= Muslim Seven Year Action Plan on Climate Change =

Climate action plan

The Muslim Seven Year Action Plan on Climate Change was a proposed climate action plan for the global Islamic community, meant to run from 2010 to 2017. It was developed by the British Earth Mates Dialogue Center and the Kuwait Ministry of Awqaf and Islamic Affairs. It is one of several multi-year climate action plans developed by major religious communities, developed in coordination with the Alliance of Religions and Conservation and the United Nations Development Programme.

According to the Alliance of Religions and Conservation, the plan proposes "investigating every level of Muslim activity from daily life to annual pilgrimages, from holy cities to the future training of Imams," "developing the major Muslim cities as green city models for other Islamic urban areas," and "developing an Islamic label for environmentally friendly goods and services." Proposals were to be managed by a group called the Muslim Association for Climate Change Action (MACCA, an acronym meant to sound like "Mecca").

==2009 Istanbul conference==

At a follow-up conference in Istanbul in July 2009, about two hundred Muslim scholars, leaders, and government officials endorsed the plan and established MACCA. Endorsers included the Grand Mufti of Egypt, Sheikh Ali Goma'a, the Mufti of Palestine, Dr.

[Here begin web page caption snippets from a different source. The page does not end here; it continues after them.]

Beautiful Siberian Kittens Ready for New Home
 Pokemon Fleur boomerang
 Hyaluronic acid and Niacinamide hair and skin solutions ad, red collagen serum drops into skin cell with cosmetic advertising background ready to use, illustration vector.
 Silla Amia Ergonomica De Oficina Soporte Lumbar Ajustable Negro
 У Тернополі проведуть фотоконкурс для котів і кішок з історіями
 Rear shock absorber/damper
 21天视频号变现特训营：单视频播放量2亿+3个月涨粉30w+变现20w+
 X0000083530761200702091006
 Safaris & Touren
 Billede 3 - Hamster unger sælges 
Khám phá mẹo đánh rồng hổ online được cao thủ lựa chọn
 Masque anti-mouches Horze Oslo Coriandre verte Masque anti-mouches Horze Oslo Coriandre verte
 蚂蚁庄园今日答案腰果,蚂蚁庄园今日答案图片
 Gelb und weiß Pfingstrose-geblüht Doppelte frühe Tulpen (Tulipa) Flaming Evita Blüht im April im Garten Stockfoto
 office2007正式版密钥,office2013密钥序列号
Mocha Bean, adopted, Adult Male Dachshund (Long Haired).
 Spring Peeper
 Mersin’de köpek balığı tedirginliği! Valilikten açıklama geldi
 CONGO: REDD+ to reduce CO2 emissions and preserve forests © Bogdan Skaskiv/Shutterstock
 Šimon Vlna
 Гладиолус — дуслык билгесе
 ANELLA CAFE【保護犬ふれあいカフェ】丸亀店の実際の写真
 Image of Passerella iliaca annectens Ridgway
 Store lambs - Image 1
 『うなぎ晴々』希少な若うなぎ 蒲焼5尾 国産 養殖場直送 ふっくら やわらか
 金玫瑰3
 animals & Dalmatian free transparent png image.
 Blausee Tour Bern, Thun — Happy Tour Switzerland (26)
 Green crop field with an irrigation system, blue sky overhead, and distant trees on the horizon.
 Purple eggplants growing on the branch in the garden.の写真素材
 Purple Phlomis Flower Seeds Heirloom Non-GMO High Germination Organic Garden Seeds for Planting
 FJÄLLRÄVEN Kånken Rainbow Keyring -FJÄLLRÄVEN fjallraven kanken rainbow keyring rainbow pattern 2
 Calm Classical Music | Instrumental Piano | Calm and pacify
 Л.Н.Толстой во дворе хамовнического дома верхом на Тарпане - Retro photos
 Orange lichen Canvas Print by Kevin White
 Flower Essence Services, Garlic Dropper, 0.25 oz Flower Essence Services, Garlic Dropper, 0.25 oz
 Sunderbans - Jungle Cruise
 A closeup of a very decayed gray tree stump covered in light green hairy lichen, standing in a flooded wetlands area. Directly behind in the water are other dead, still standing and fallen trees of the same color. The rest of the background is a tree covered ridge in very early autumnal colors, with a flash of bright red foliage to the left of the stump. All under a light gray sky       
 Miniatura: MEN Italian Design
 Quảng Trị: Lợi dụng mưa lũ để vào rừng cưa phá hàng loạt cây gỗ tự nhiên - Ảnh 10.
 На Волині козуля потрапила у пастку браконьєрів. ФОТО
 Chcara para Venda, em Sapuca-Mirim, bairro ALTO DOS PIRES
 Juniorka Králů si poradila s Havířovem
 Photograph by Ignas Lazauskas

Ekrama Sabri, the Adviser of the Prince of Mecca and Medina, and the Islamic Educational, Scientific and Cultural Organisation.

==2009 Windsor launch==

The plan was launched at the Windsor Celebration in November 2009.

==2010 Climate Change Meeting, Bogor==

According to Islam Today, the April 2010 International Muslim Conference on Climate Change Issues in Bogor, Indonesia included discussion of a wide range of policy ideas, but failed to set up the proposed Muslim Association on Climate Change Action (MACCA) as an umbrella group to implement the Bogor declaration."